It may be my earliest memory that I can date. I was staying with family friends, the Ellisons. (I suppose my dad must have been on a bad drunk — that was usually the reason my mom sent me to stay with friends.) I'm sure the whole family must have been gathered around the old black-and-white TV, but I don't remember them. I remember the fuzzy space-suited man jumping what seemed so far down that last step, in slow motion. I remember his famously flubbed first words. And I remember ABC's Science reporter, Jules Bergman, talking over a picture of the face of the moon, showing where the landing site was. (I think I even remember a little (though vastly out of scale) cardboard-cutout of a LEM). I remember at some point going out on the front porch and looking at the moon, trying desperately to spot the Eagle. (I was aware that it was very far away, but I was too young to have any real sense of what a quarter million miles meant, and I hoped there'd be a reflection or ... something.) Someone (one of their teenage daughters (Marilyn, I think) explained to me that it was too far away, and coaxed a by the very sleep and up-way-past-his-bed-time little boy inside.

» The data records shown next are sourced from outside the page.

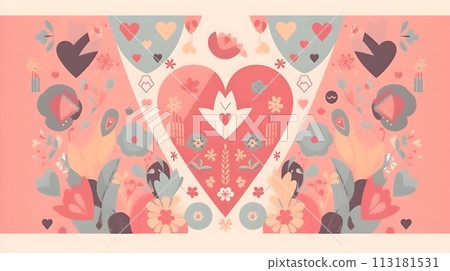 Illustration of beautiful flower bouquet decoration as background and backdrop good for invitation, greetings, wedding, valentine, or other romantic love design element. 113181531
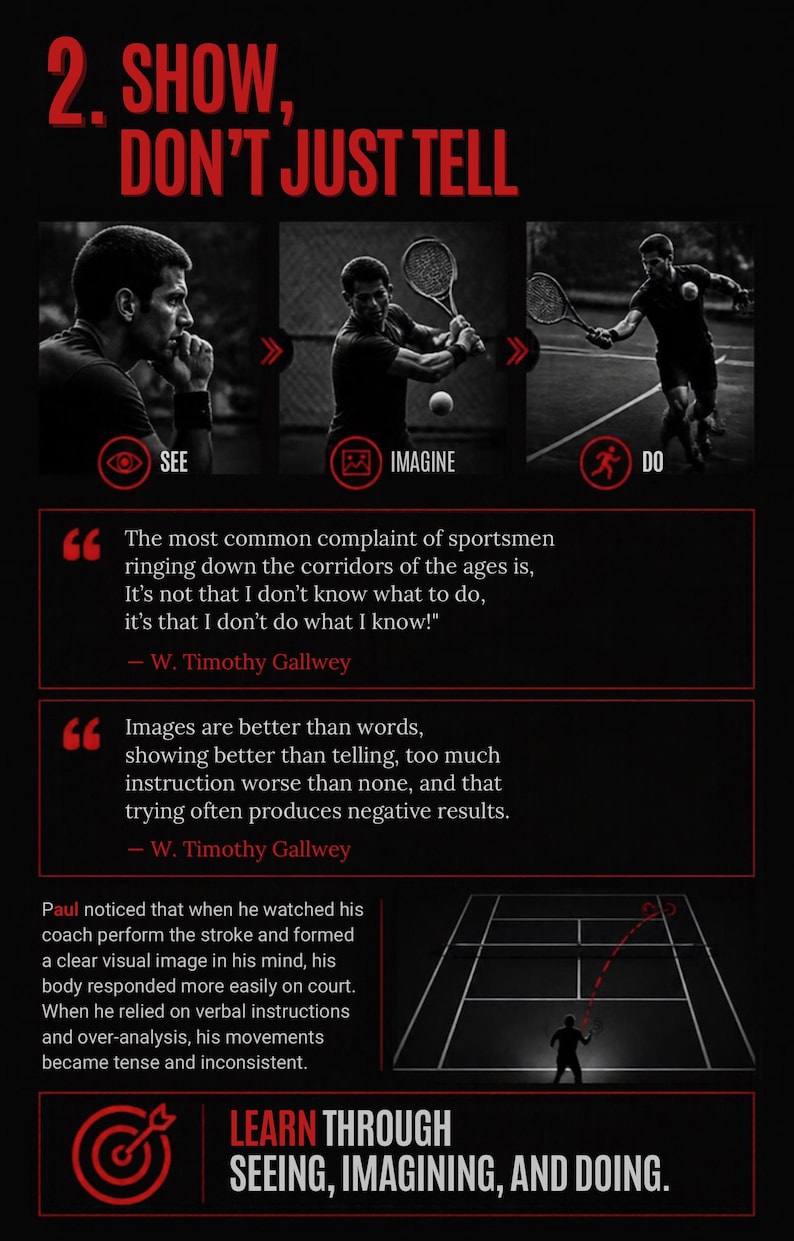 May include: A black and white infographic titled 2. SHOW, DON'T JUST TELL. It features three tennis images labeled SEE, IMAGINE, and DO, with quotes by W. Timothy Gallwey, text about coaching, and a final section: LEARN THROUGH SEEING, IMAGINING, AND DOING.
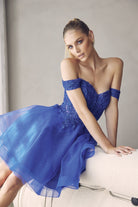 Off Shoulder Sweetheart Embroidered Lace Short Cocktail Dress JT880-Cocktail Dress-smcfashion.com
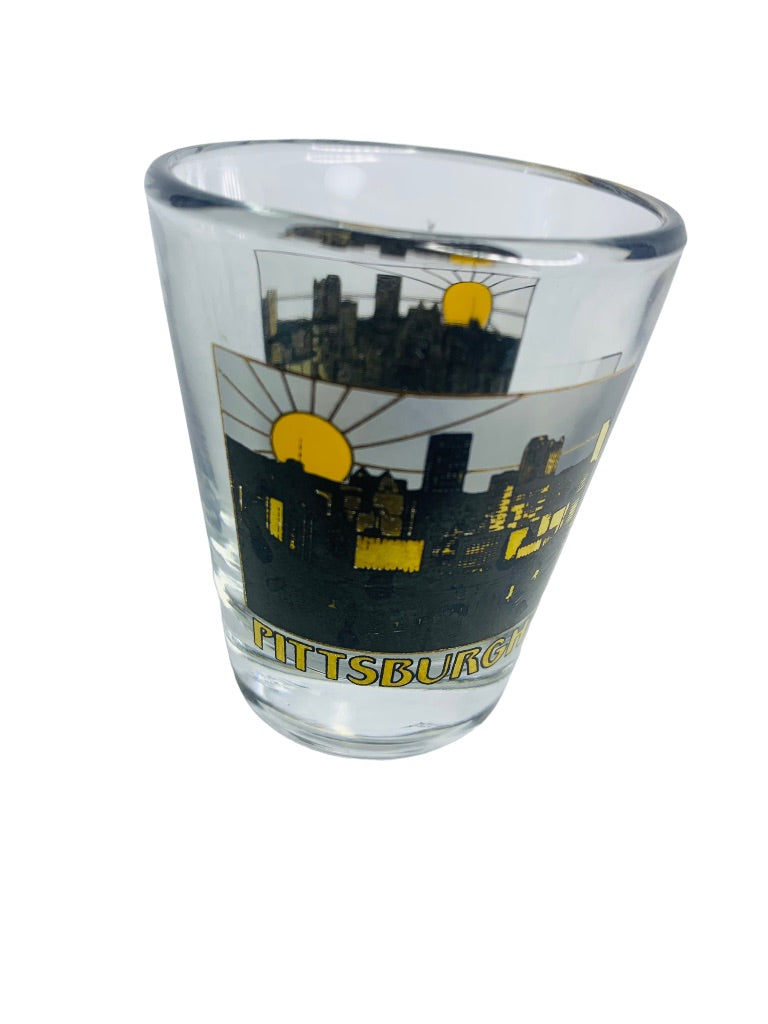 Pittsburgh Skyline Shot Glass Clear Black Gold Barware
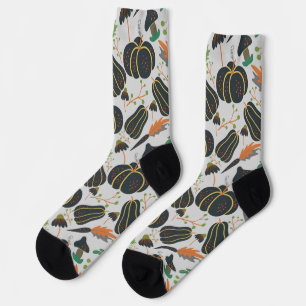 Chaussette Citrouille sans soudure motif carotte noir et blan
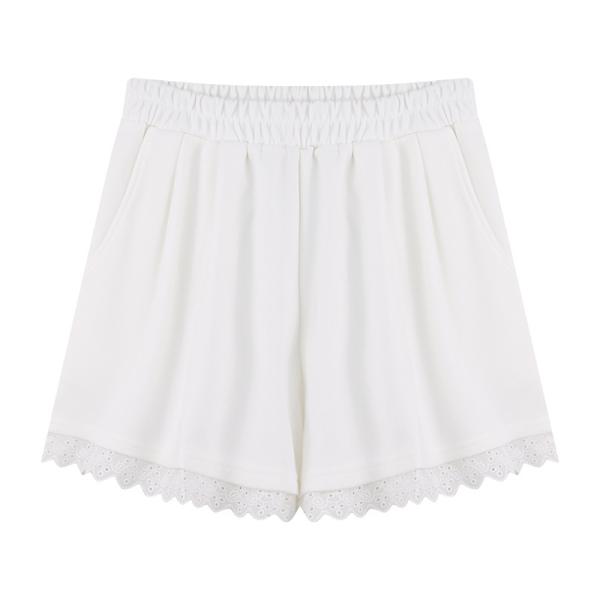 ショートパンツ レディース グレー 裾レース キュロット Aライン ウエストゴム スウェット スカー...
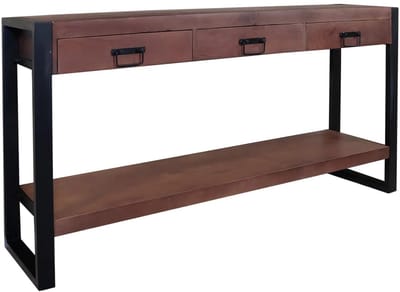 Bijzettafel 150cm duurzaam mangohout Vera walnoot industrieel side table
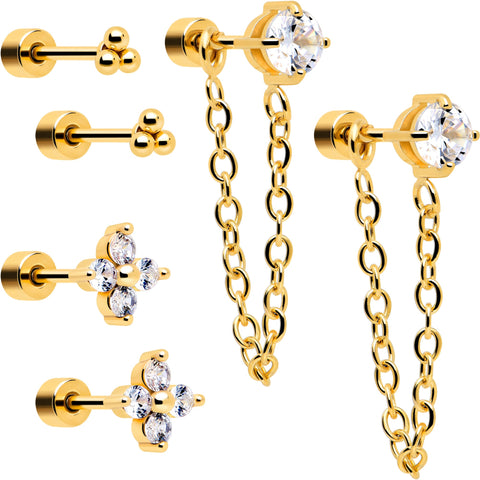 20G Clear Gem Gold Tone Ball Chain Dangle Flatback Earring Set of 6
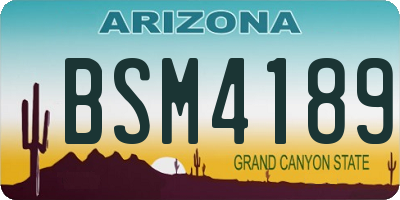 AZ license plate BSM4189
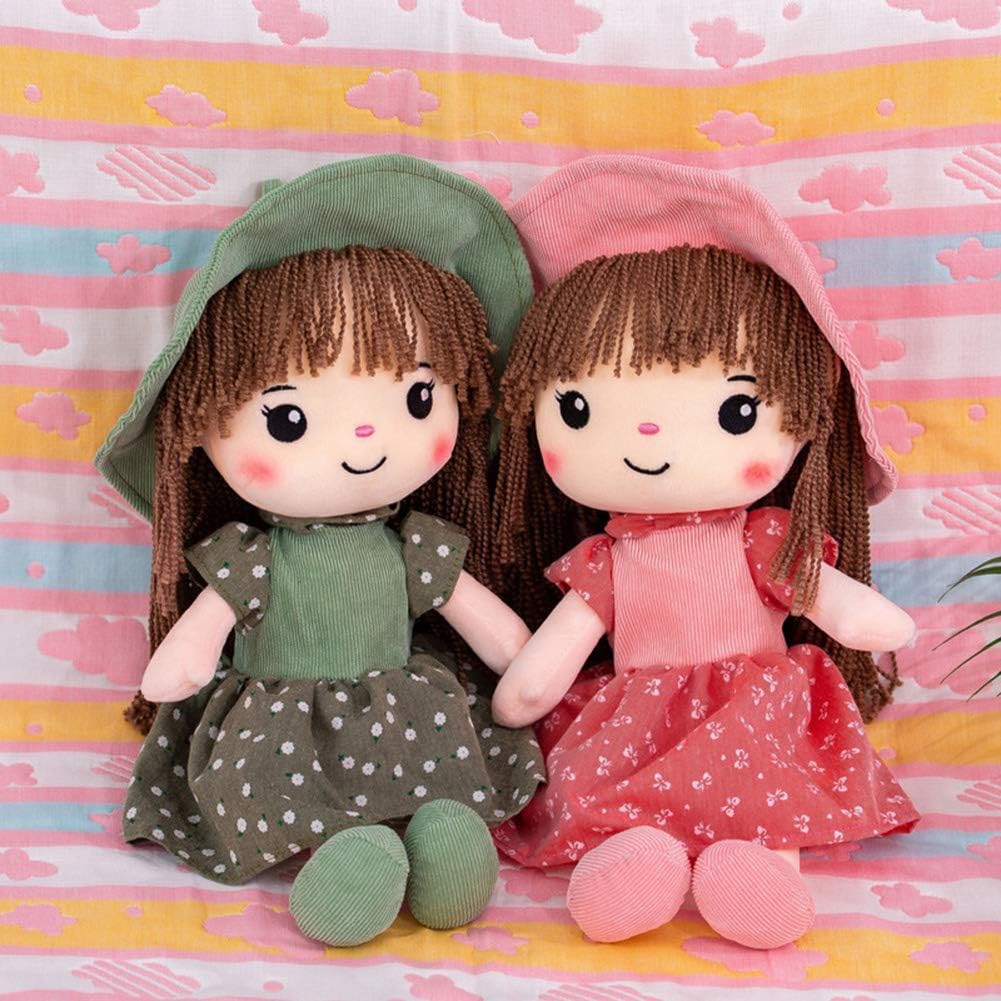 Muñeca de trapo esponjosa de 15.7 pulgadas, juguete de peluche suave, regalo con gorro, falda, juguete de peluche de princesa, lindas muñecas para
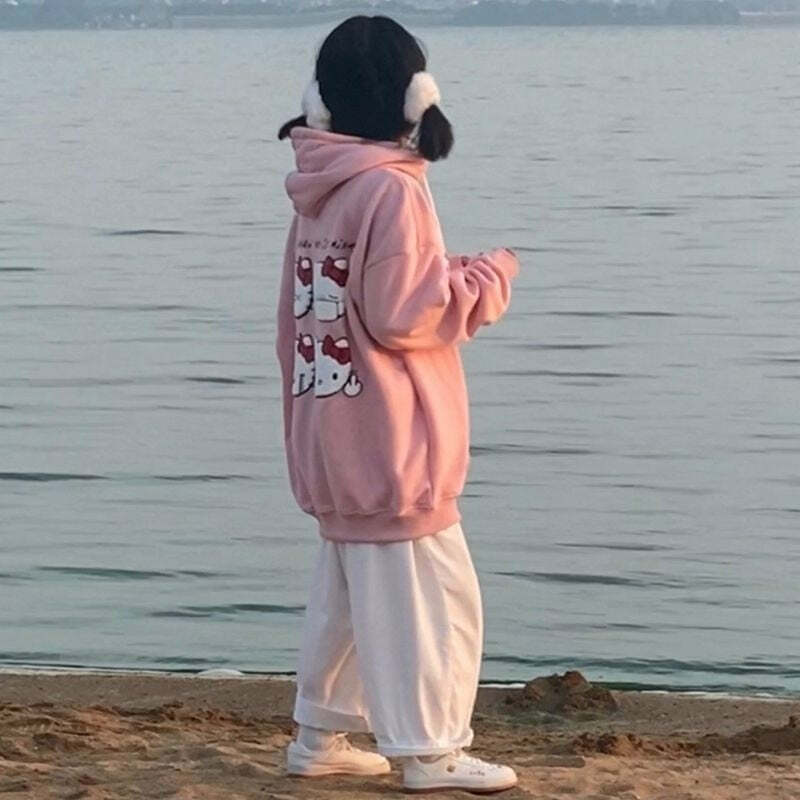 Sanriocore Flustered Kitty Hoodie Kawaii - Y2K Grunge, 90s Fashion, Retro Summer Outfit
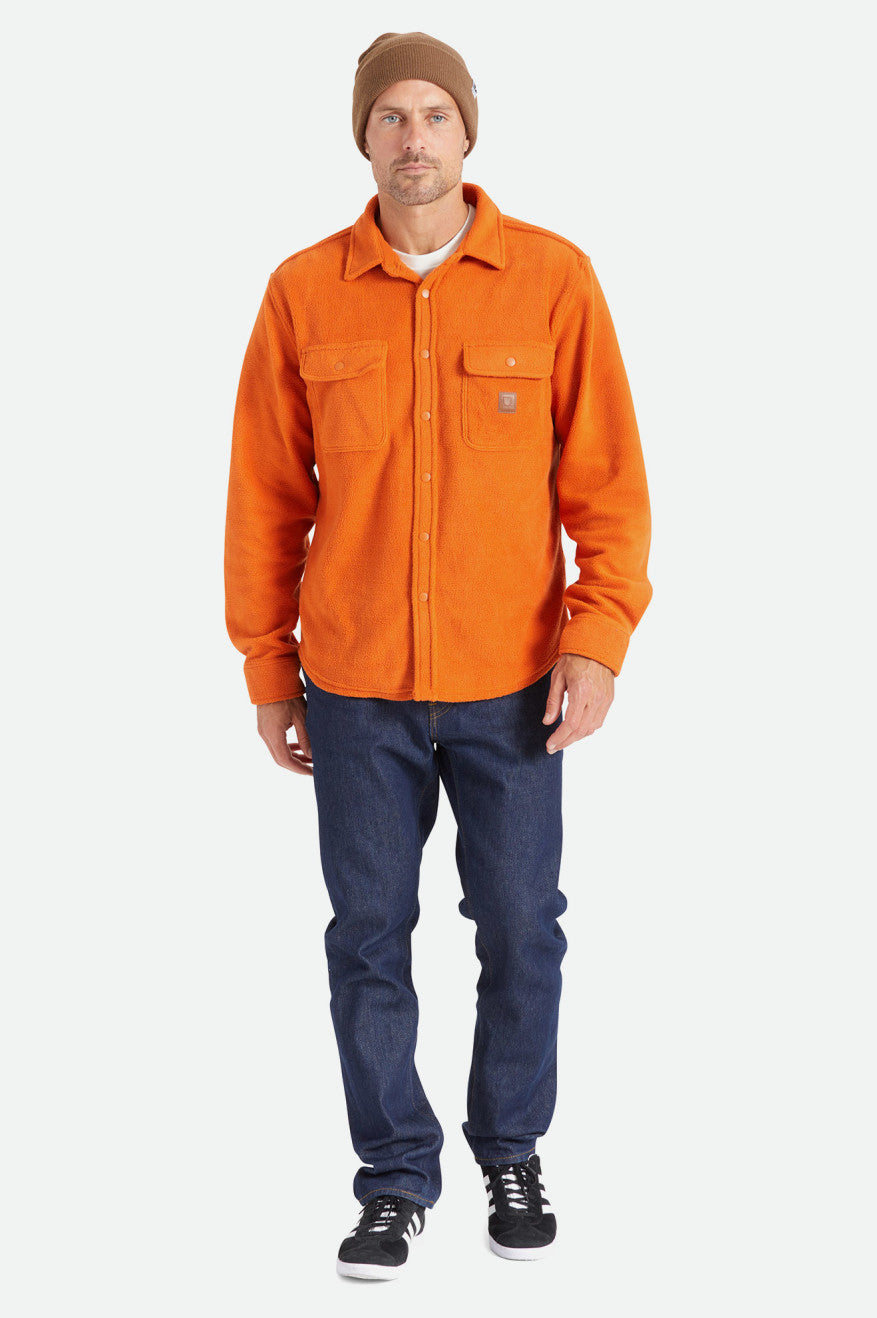 Orange Brixton Bowery L/S Arctic Stretch Fleece Men's Flannels | 248705XSE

I'm sure I followed the rest of Apollo 11 with fascination, but aside from a few scattered images (a splashdown that may not be that splashdown; the isolation chamber on the deck of an aircraft carrier, looking as I recall like nothing so much as an airstream trailer), I remember no details. I'm sure I followed Apollo 12 as well, but it was with Apollo 13 that I became an obsessive little geek. I kept my own little mission log, writing down the exact time of launch,first stage separation, second stage separation, Earth orbit, translunar injection.... (When the first reports of "Houston, we have a problem" came in, I was sure that my logging the mission had somehow jinxed the mission.)
But forty years ago tonight, that was all in the future. Forty years ago tonight a little boy stared intently at a crescent moon, hanging over over a wheat field near Puget Sound, and knew that, even though he couldn't see it, he was looking at the most amazing thing ever.